We are mere days away from pitchers and catcher reporting, and soon the questions surrounding the 2012 Rockies and their roster makeup will begin to be answered. Jim Tracy and the brain trust have numerous options to fill the few open roster spots available, and for Esmil Rogers, Josh Roenicke, Chris Nelson and Eric Young, Jr., the four players on the 40 man roster without minor league options, this is a very important camp.
With the recent acquisitions of young starters such as Drew Pomeranz, Tyler Chatwood, Josh Outman and company, Esmil Rogers seems to be finished as a starting pitcher for the Colorado Rockies. If Rogers is to make the team it will likely be in the bullpen as the Rockies long reliever.
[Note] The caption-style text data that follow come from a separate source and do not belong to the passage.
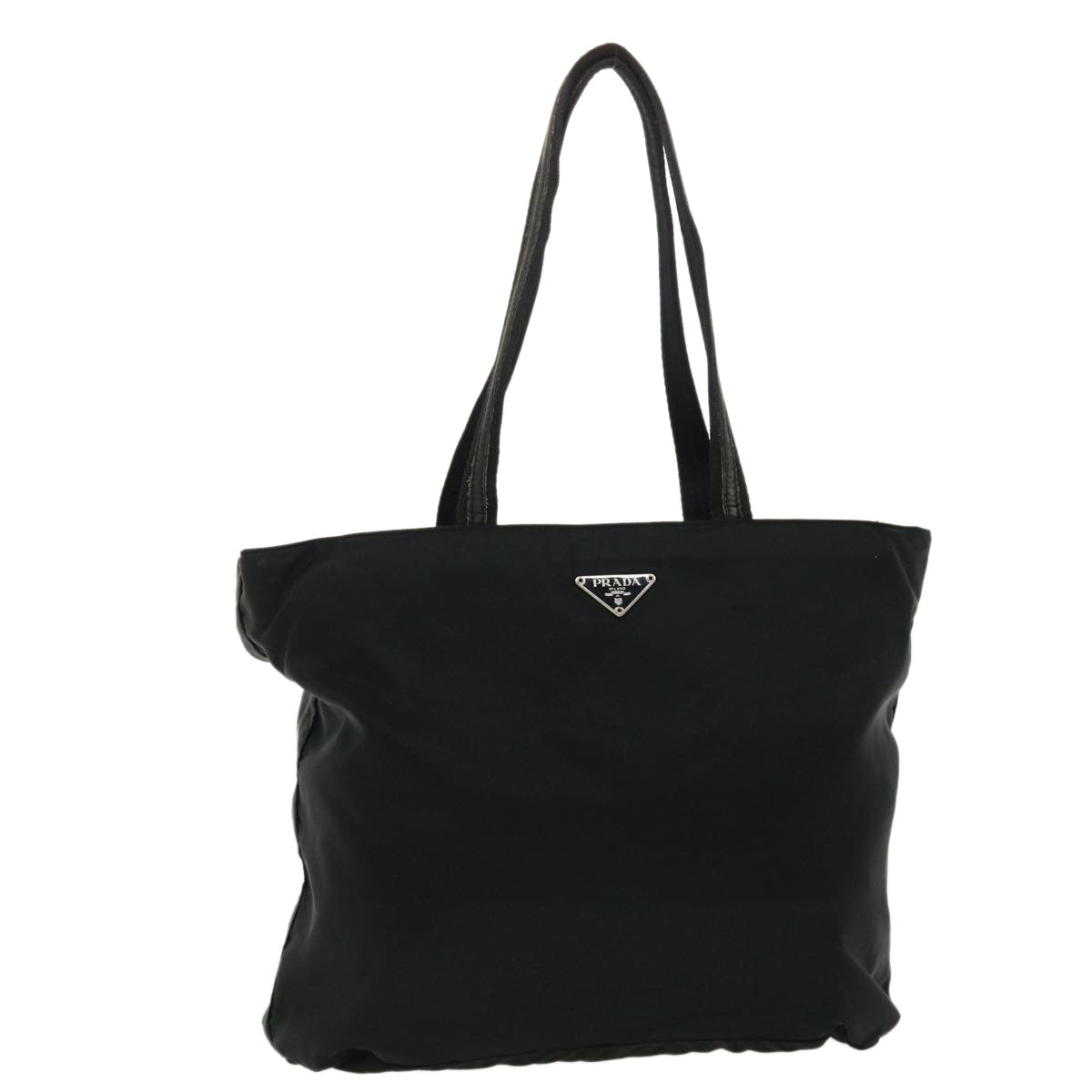 PRADA Shoulder Bag Nylon Black Auth ar9225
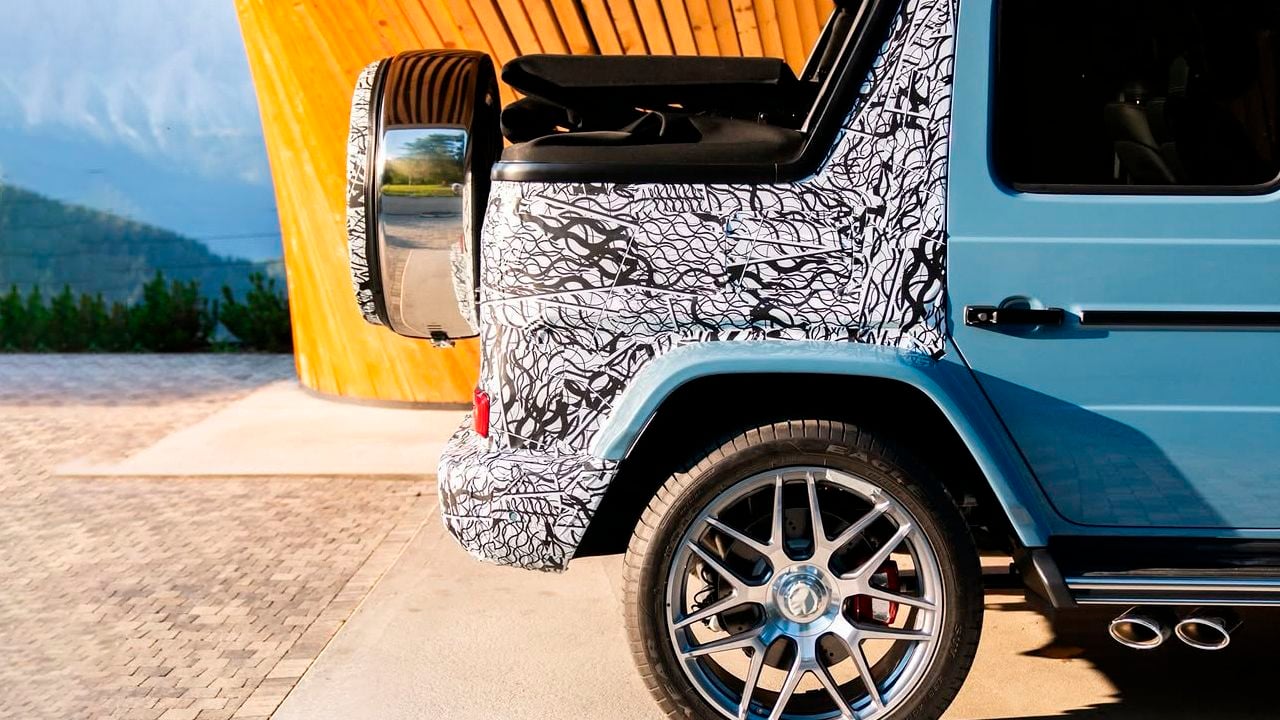 El nuevo Mercedes Clase G Cabrio también llegará con el V8 del G 63 AMG, 585 CV para un todoterreno único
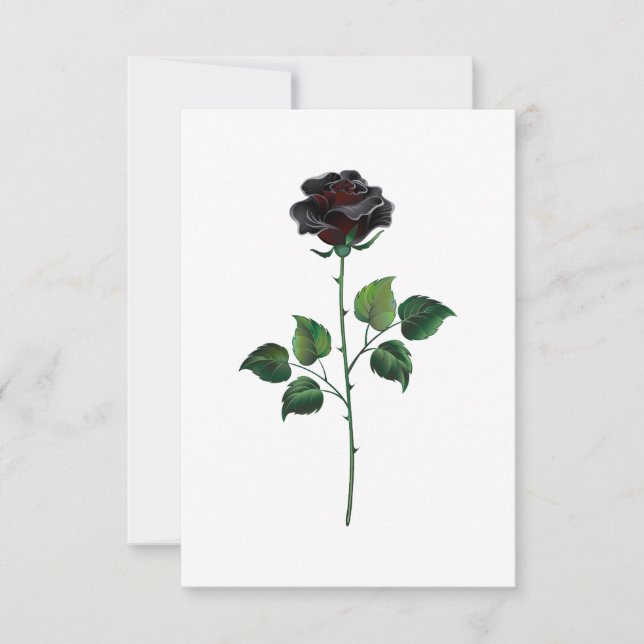 Blume der schwarzen Rose Ankündigung (Vorderseite)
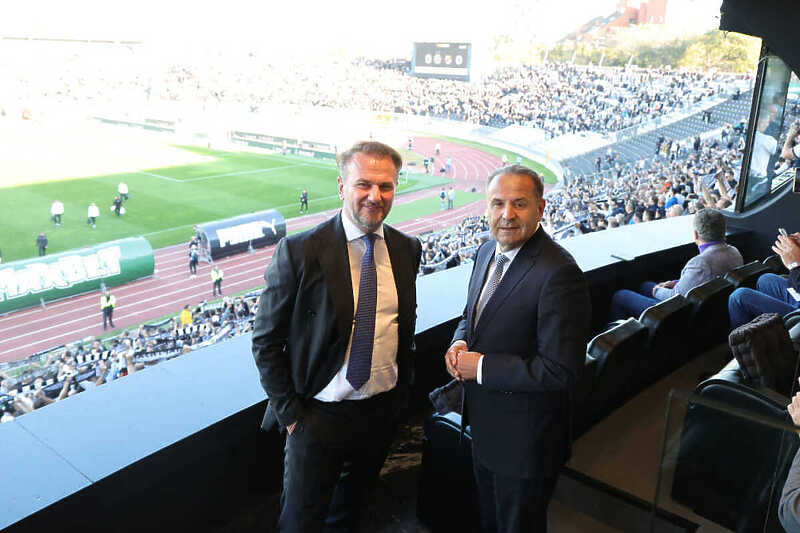 Ostoja Mijailović i Rasim Ljajić (Foto: FK Partizan/Facebook)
The obstacle in the way of this happening would be if the Rockies decide to stash one of the odd men out of the rotation, someone like a Chatwood or Alex White, in the bullpen rather than sending them down to start games in pitching wasteland that is Colorado Springs and the PCL. It looked like Rogers was starting to figure things out with his 7 innings of 4 hit ball, striking out 7 and giving up one against the Pirates in his 2011 debut, but his season went downhill from there, giving up at least one earned run in all 18 of his 2011 appearances.
Josh Roenicke was selected off waivers from the Blue Jays in June and joined the Rockies bullpen in August, pitching in 19 games to finish out 2011. If he can pitch well in camp he should get a spot on the opening day roster, filling in an open spot left by the trades of Huston Street and Matt Lindstrom. Roenicke has good stuff and was seen as a potential closer early in his career, and if he can shed the control problems that have plagued his early career he can be a very effective piece of the bullpen.
At this point in his career Chris Nelson might be better off not making the team this year as he is fighting for little more than a utility role, something he is not really suited for. His career .254/.284/.376 slash line leaves little to get excited about, and it is starting to look like the former first round pick may never reach his potential. Both Fangraphs and Baseball Reference have his career WAR values below zero and his career OPS+ of 68 is slightly better than that of Jonathan Herrera. Herrera has a definite advantage over Nelson as he brings better on base skills and is a far superior defender. Herrera did receive an extra option this year, so if Nelson impresses in spring training he could stay with the team and Jonny would end up in AAA, but with Troy Tulowitzki and Marco Scutaro the sure starters Nelson might be better off trying to make a fresh start in a new organization.
The biggest hurdle for Eric Young, Jr. in making the roster might just be Jason Giambi. While they are not in contention for the same job, Giambi being basically a pinch hitter makes it hard to find room for a player who is basically a pinch runner. I still feel that Young’s best position is a second base, and the Rockies did him a disservice by trying to make him an outfielder, but the lack of a solid defensive position that he can be relied upon to play effectively really hurts his chances. There have been a few trade rumors focusing on Young, but I have a hard time believing teams would give up value to acquire a player that will likely not make the Rockies opening day roaster anyway.